Speaking of storms, New York City is looking at something like a $9 billion revenue shortfall over the next two years. The state is looking at a $16 billion hole, meaning it’s not going to be able to help the city but rather is going to reduce spending on us and extract more from us. That’s not to mention the MTA’s $16 billion hole over the next four years. The unemployment rate in the city is 16%, twice the national average. Infection and hospitalization numbers are rising again. Even as rents are finally sagging, an eviction crisis is looming, held off for now by a series of makeshift executive orders intended to delay what looks to be inevitable.
It’s no sure thing that 2021 is going to be any easier, even if Gov. Cuomo doesn’t swoop in and use the Financial Control Board that’s an artifact of the city’s flirtation with bankruptcy in the 1970s to exercise still more control over the city, and impose austerity on whoever the next mayor turns out to be. After decades in which the city kept moving in one direction — richer, safer and more orderly — we may really be turned around now, with our “leaders” looking out from the stern.
Even as the well-off and more easily mobile have left New York and especially Manhattan, the political conversation here has been preserved in amber since February — all talk about policing reform, higher taxes and fending off gentrification. The space between reality as people are experiencing it and reality as the political class is describing it feels as wide as at any time I can remember. It’s possible that gap won’t matter in a Democratic primary, and that the general election will be an afterthought again in our overwhelmingly Democratic city.

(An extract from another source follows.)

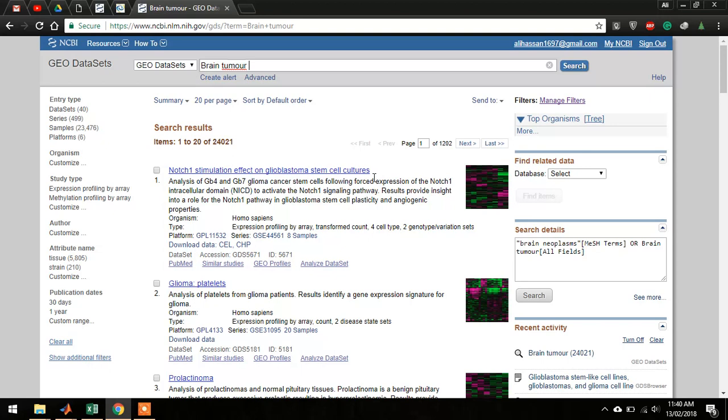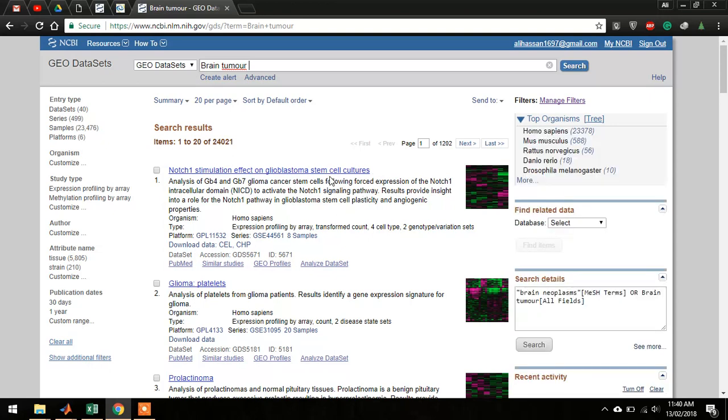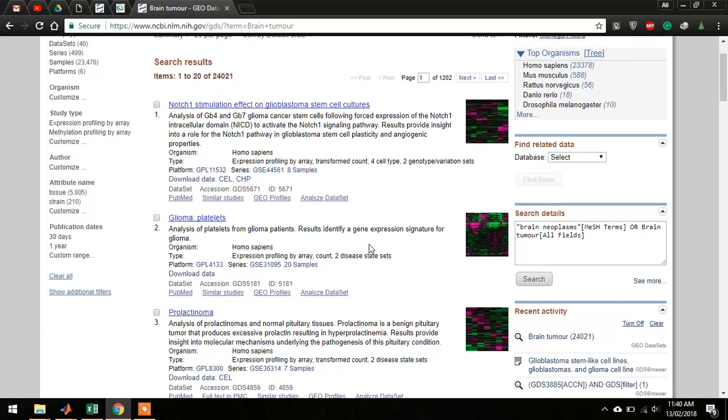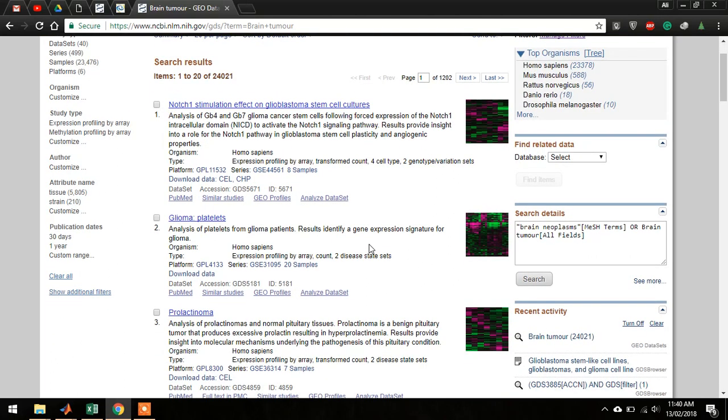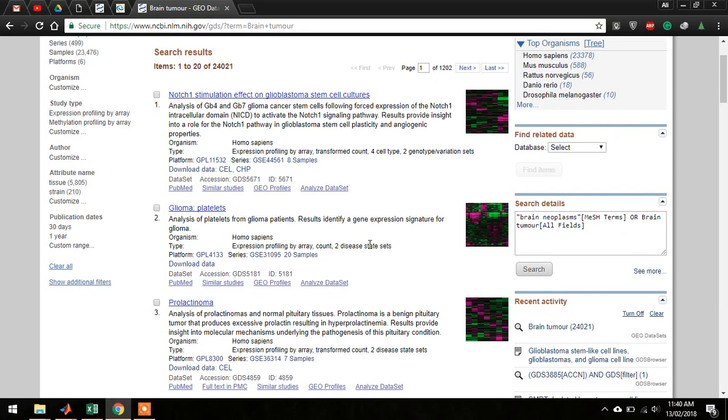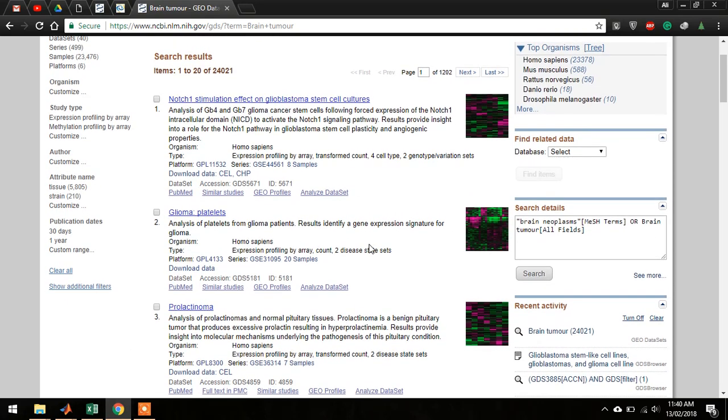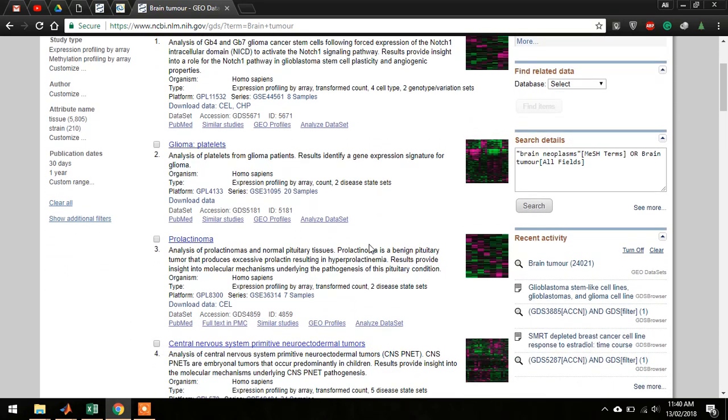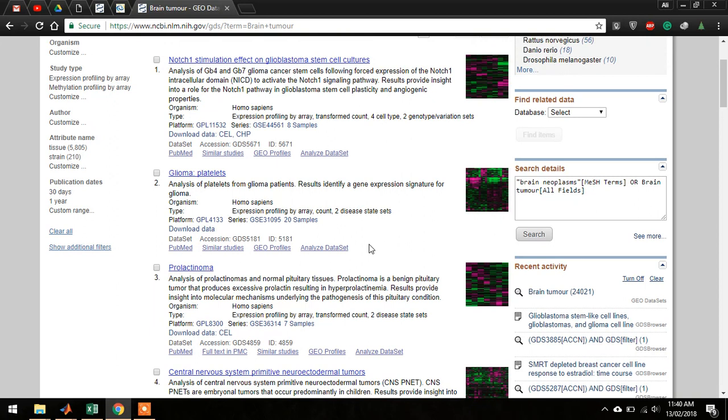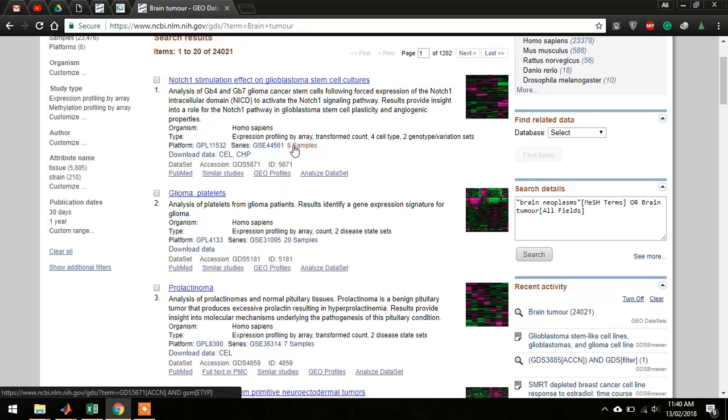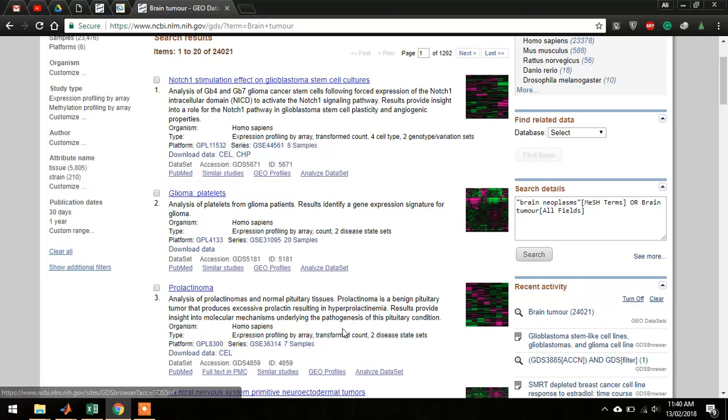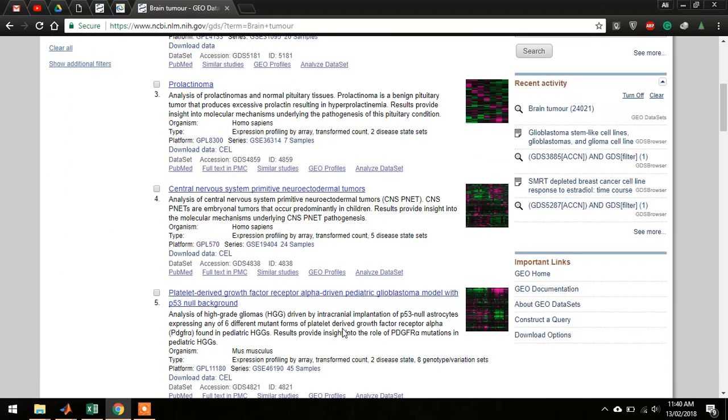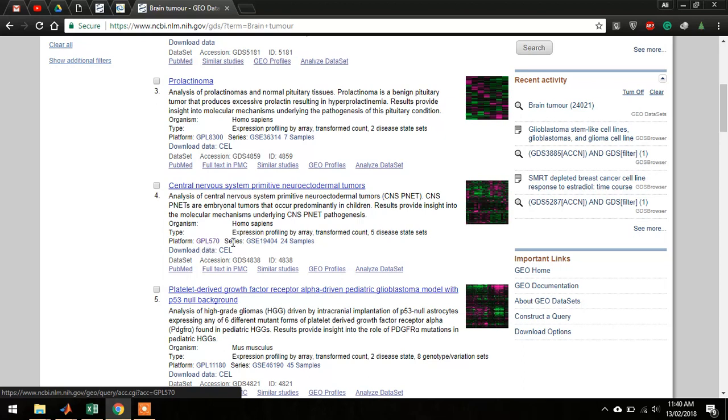Then you have to find an entry with adequate samples, something like 30 or 40 or more is preferred. You need to make sure of two things. First, you have to see that there are enough samples. Then you have to check the platform.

It’s possible that...new progressive pols really will find a way to pour billions into needed services and start really treating homelessness, addiction and mental illness as public health rather than policing issues. That the rise in shootings really is just a symptom of this very sick year, and will just end.
But we’re just eight years removed from 20 years of non-Democratic mayors running our overwhelmingly Democratic city, and we may not be so many years away from the sort of crises that could get us there again.